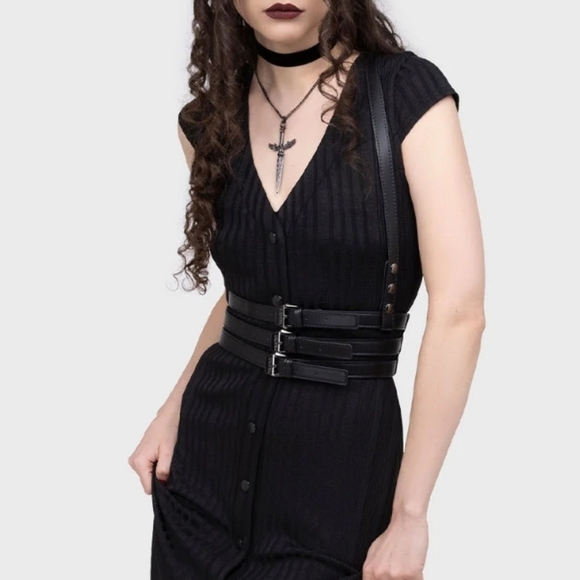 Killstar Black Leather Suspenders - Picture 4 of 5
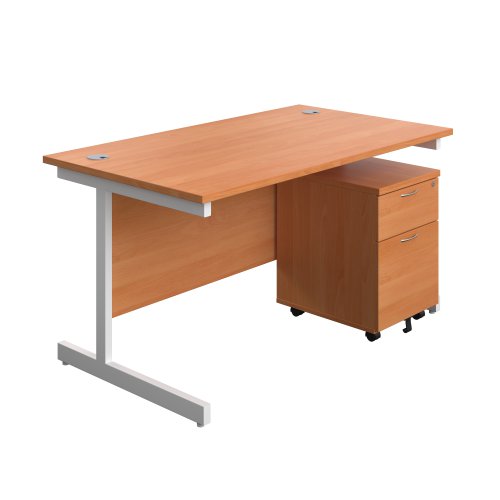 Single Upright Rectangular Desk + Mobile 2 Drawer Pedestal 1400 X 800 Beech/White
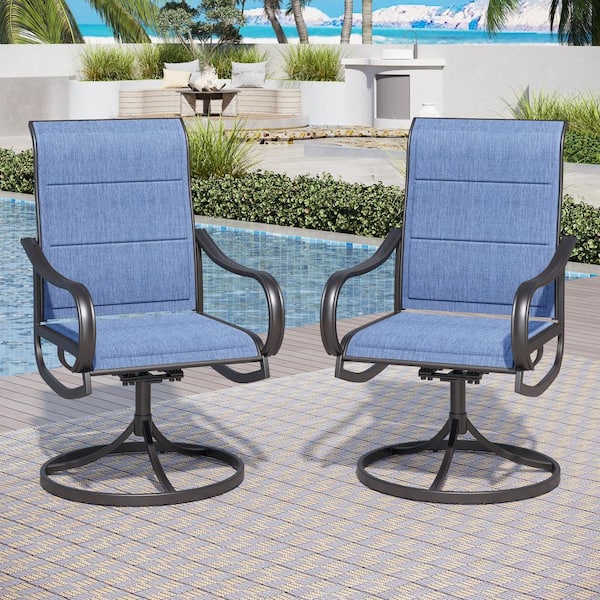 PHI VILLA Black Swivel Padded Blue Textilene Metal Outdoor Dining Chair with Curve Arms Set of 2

* * *

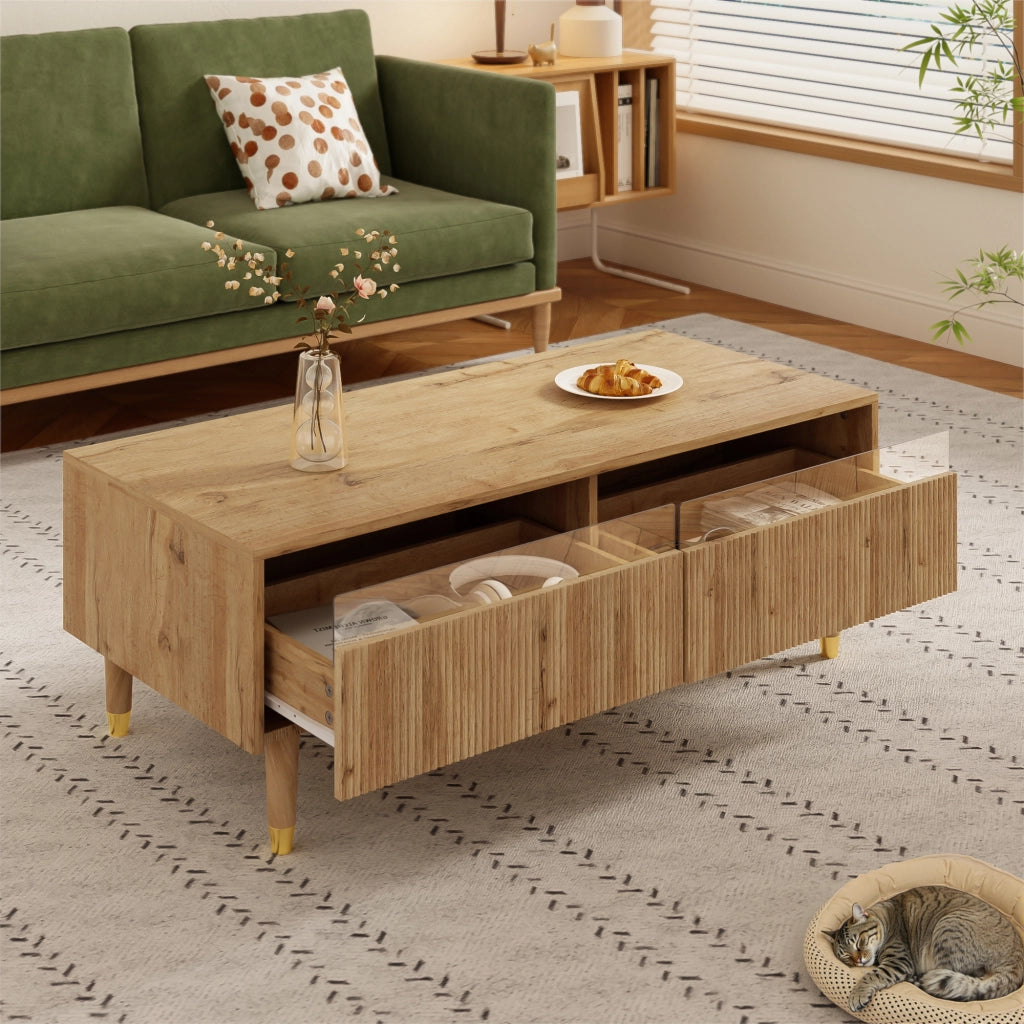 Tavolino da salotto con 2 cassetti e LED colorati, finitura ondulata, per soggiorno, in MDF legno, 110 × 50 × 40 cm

---

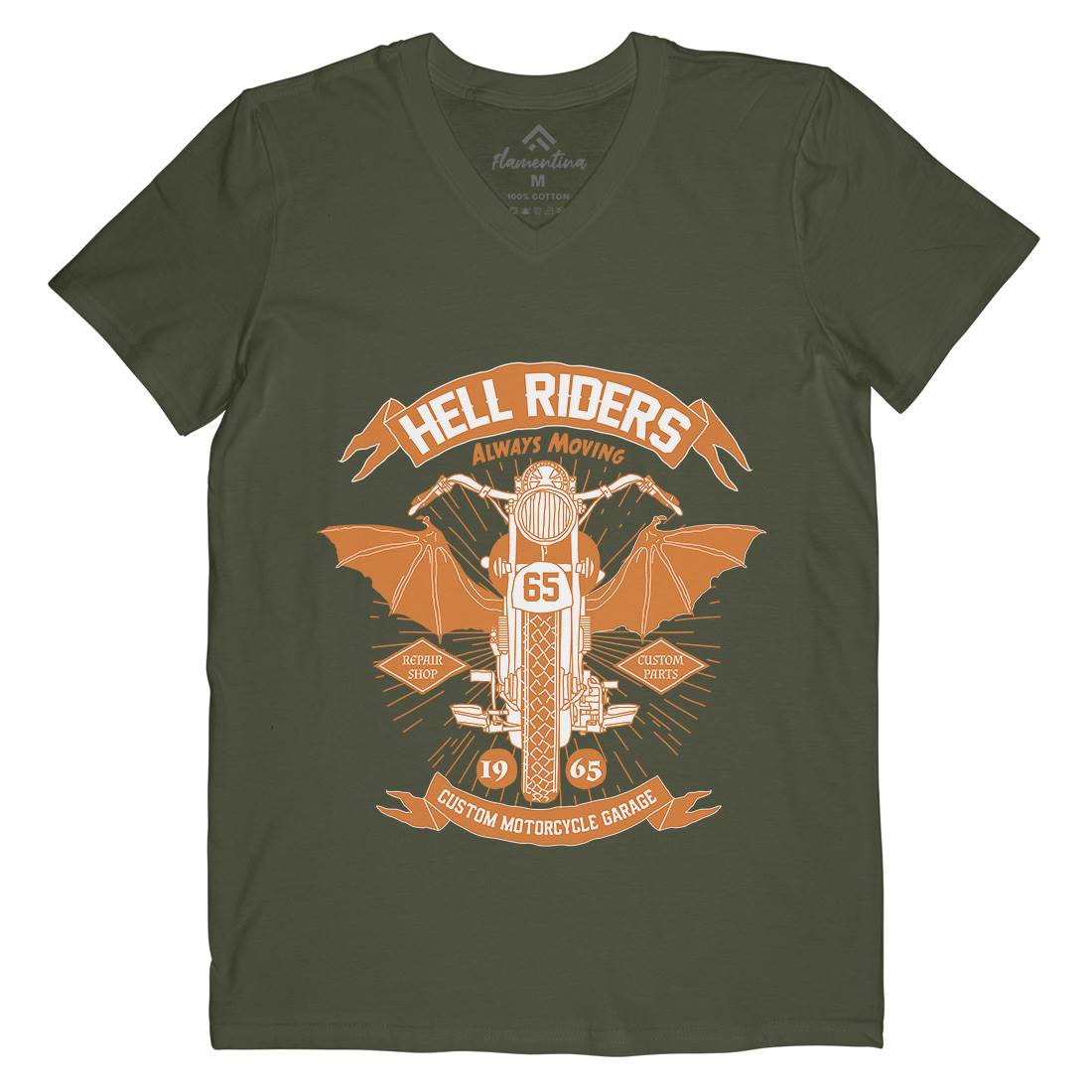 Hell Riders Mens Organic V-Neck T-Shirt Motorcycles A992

• EXERCISE DETAILS: Reproduce the listing above from the line that holds "Single Upright Rectangular" through the line that holds "PHI VILLA Black", both included, with the pictures left out.

• WRITTEN RESPONSE:
 Single Upright Rectangular Desk + Mobile 2 Drawer Pedestal 1400 X 800 Beech/White
 PHI VILLA Black Swivel Padded Blue Textilene Metal Outdoor Dining Chair with Curve Arms Set of 2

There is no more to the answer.